[Items from a data source]
========================

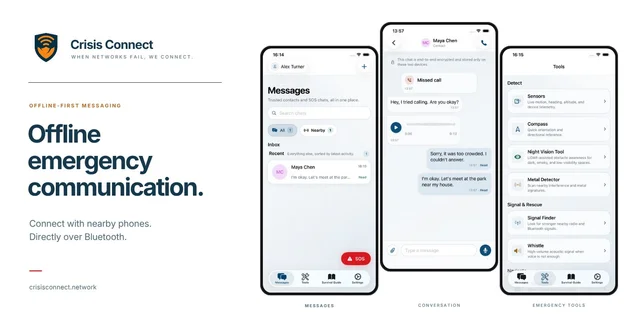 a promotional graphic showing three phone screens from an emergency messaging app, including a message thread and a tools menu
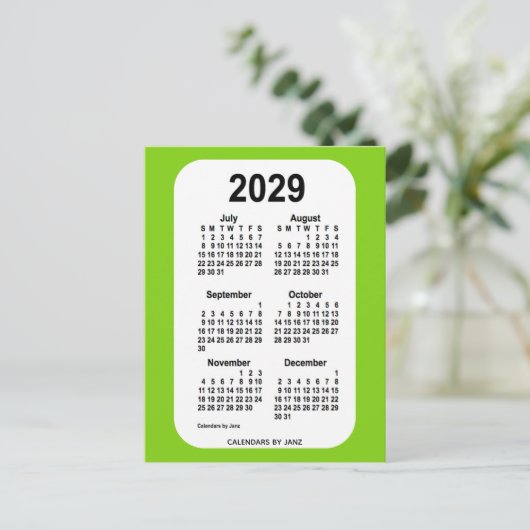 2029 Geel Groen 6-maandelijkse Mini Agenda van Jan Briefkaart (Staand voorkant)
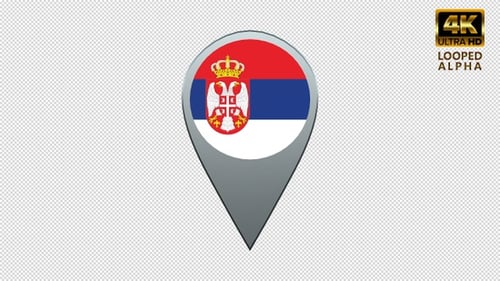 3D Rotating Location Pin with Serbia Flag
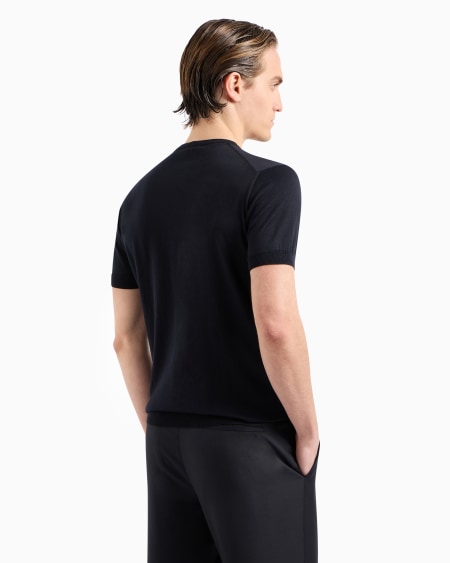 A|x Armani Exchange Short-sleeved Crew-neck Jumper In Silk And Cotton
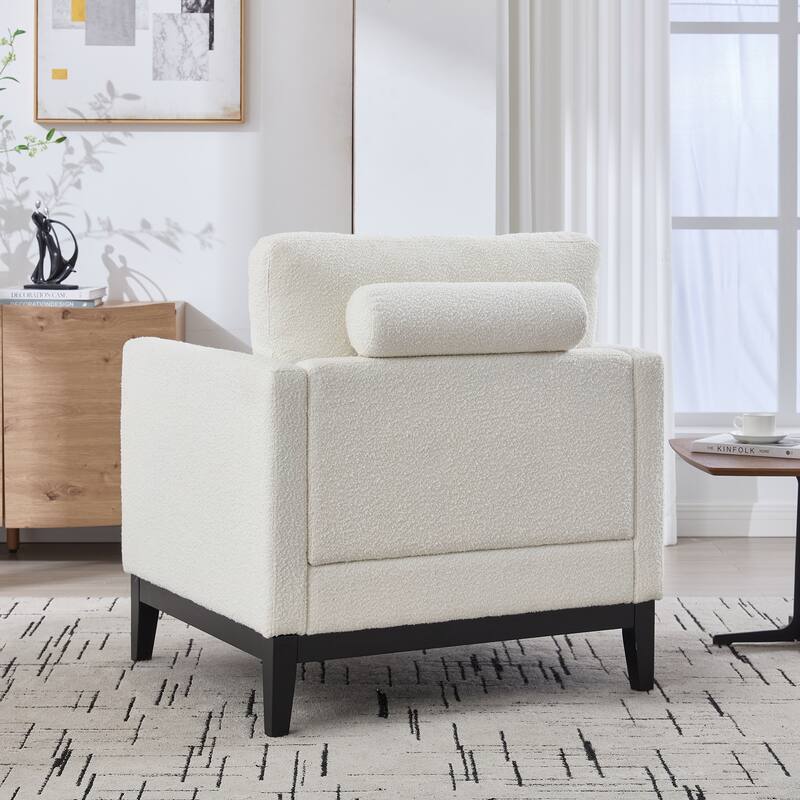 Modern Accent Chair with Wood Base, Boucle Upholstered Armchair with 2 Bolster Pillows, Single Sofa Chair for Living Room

========================

# ACTIVITY
Extract, word for word, every line from the one holding "A|x Armani Exchange" through the closing line of the data above. Do not include any pictures.

# WORKED SOLUTION
 A|x Armani Exchange Short-sleeved Crew-neck Jumper In Silk And Cotton
 Modern Accent Chair with Wood Base, Boucle Upholstered Armchair with 2 Bolster Pillows, Single Sofa Chair for Living Room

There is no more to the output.